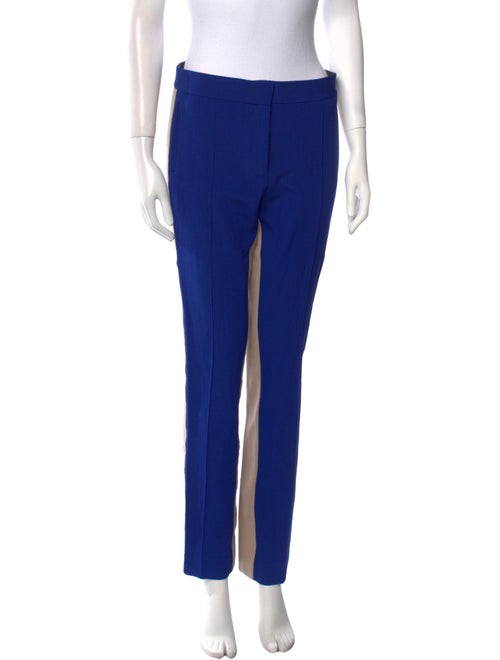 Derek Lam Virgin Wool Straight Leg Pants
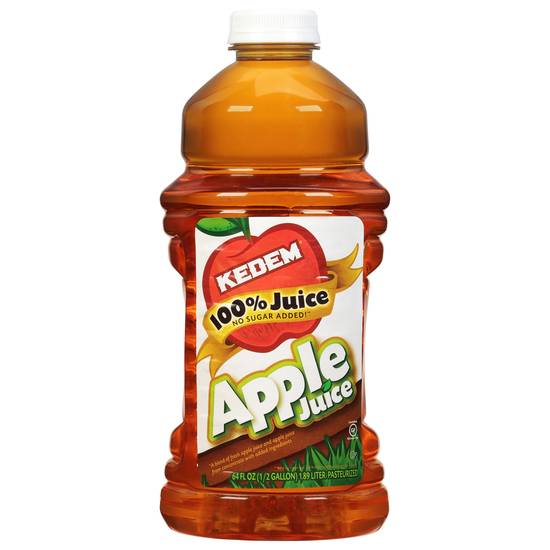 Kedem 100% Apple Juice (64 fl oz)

★ ★ ★ ★

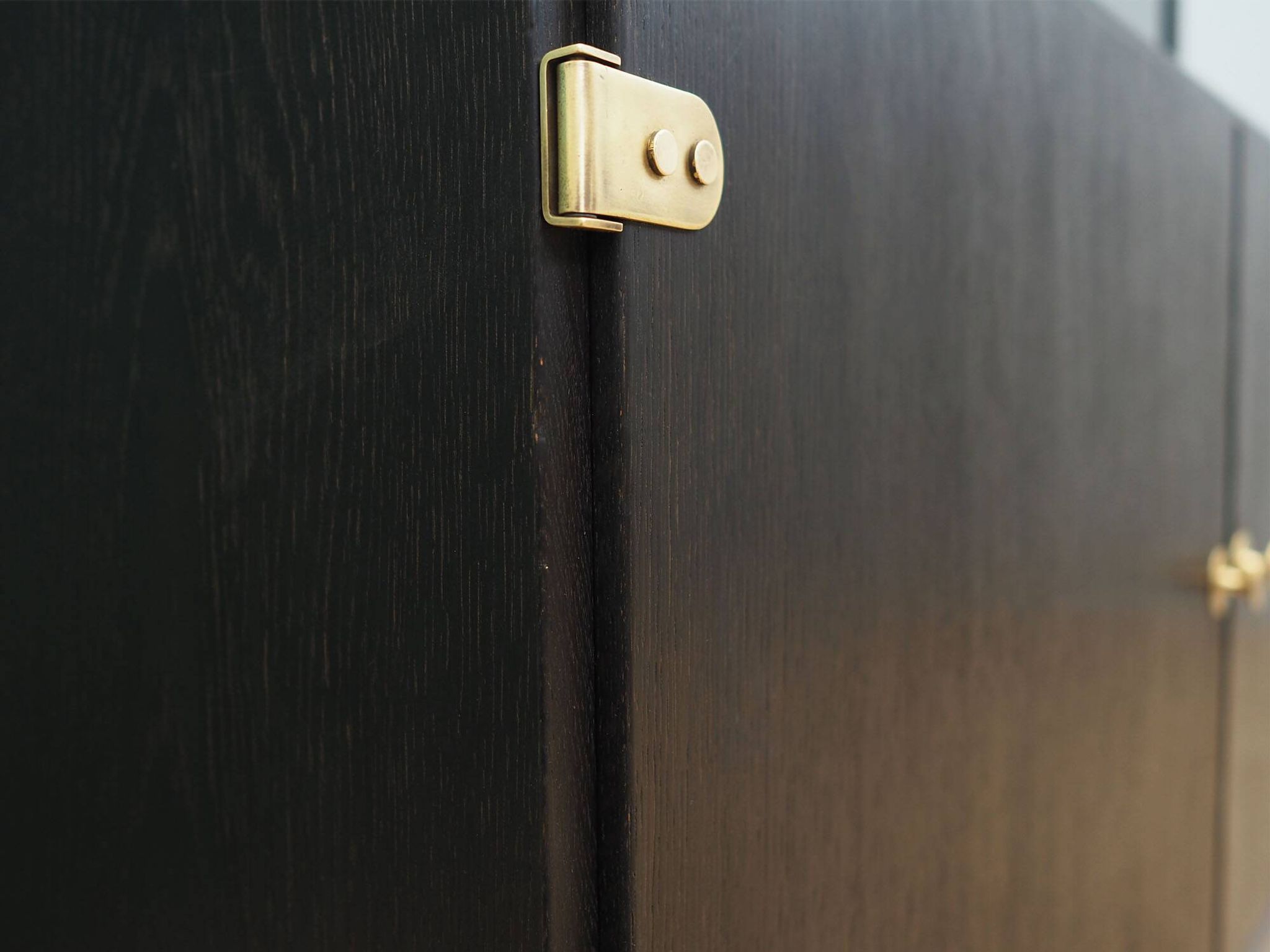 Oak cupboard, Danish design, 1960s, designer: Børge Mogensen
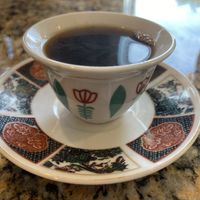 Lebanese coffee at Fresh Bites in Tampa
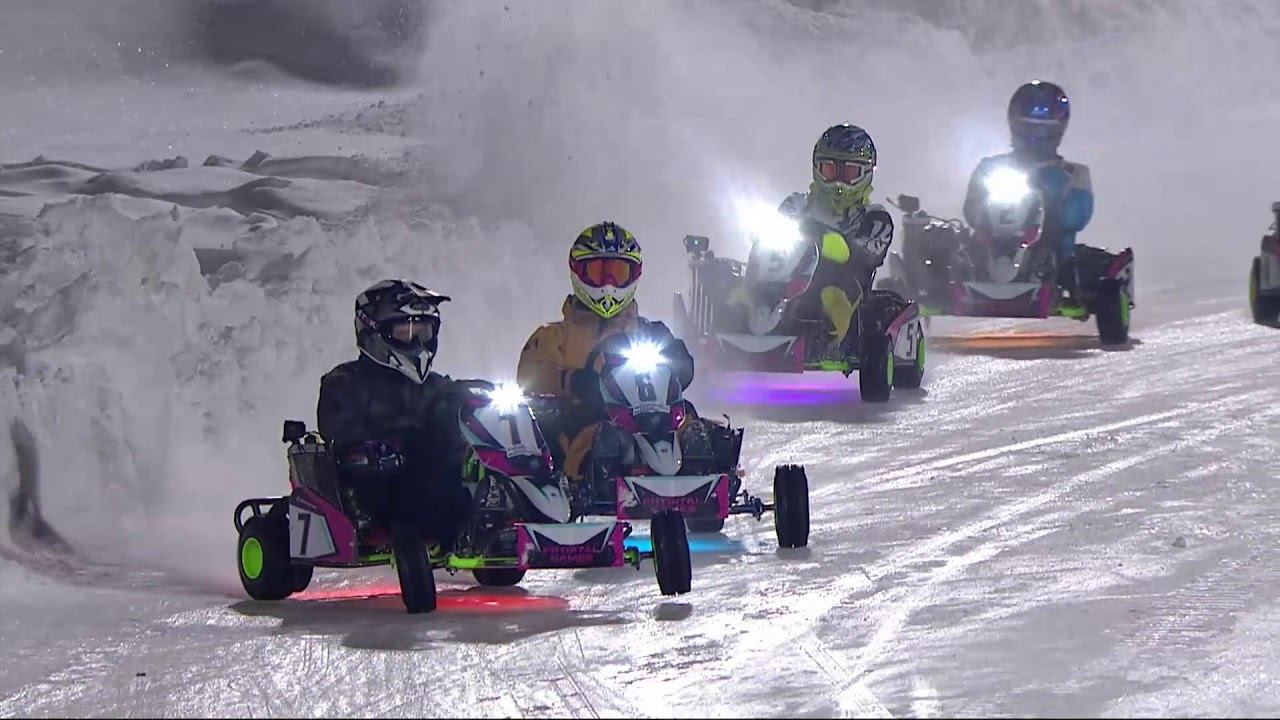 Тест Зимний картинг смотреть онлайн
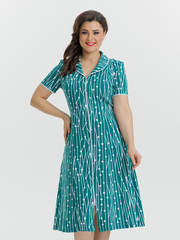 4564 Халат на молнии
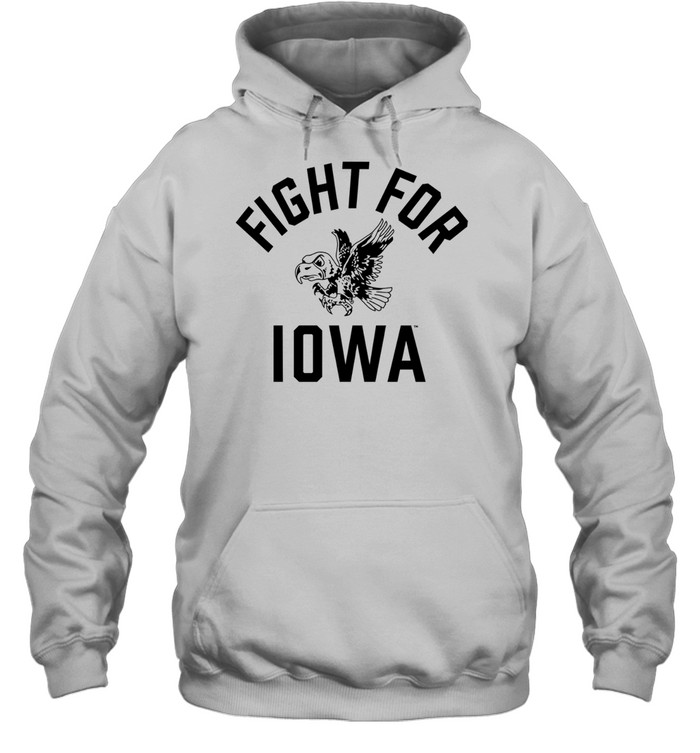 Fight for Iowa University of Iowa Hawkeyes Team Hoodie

★ ★ ★ ★

**The task**: Taking the entries above, extract every line from the one bearing "Oak cupboard, Danish" through the one bearing "Fight for Iowa", exactly, with no pictures.

**Answer to the exercise**:
 Oak cupboard, Danish design, 1960s, designer: Børge Mogensen
 Lebanese coffee at Fresh Bites in Tampa
 Тест Зимний картинг смотреть онлайн
 4564 Халат на молнии
 Fight for Iowa University of Iowa Hawkeyes Team Hoodie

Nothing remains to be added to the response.